■ **ASSIGNMENT**: Take the listing below and print exactly the lines starting at the line containing "Ammolite Jewelry Ring" and ending at the line containing "Woman posing for", both ends included, and no others.

---- AVAILABLE RECORDS

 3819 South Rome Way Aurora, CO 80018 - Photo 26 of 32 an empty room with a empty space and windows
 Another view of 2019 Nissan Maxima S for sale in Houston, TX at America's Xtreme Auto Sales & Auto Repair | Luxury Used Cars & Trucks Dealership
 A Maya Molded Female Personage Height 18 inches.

--------
---- AVAILABLE RECORDS

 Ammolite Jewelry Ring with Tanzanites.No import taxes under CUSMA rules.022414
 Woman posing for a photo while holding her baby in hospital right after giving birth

--------
---- AVAILABLE RECORDS

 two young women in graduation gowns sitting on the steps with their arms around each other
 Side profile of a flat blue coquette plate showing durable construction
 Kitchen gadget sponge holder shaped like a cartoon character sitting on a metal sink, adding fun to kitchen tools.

--------

■ **RESULT FOR THIS EXERCISE**:
 Ammolite Jewelry Ring with Tanzanites.No import taxes under CUSMA rules.022414
 Woman posing for a photo while holding her baby in hospital right after giving birth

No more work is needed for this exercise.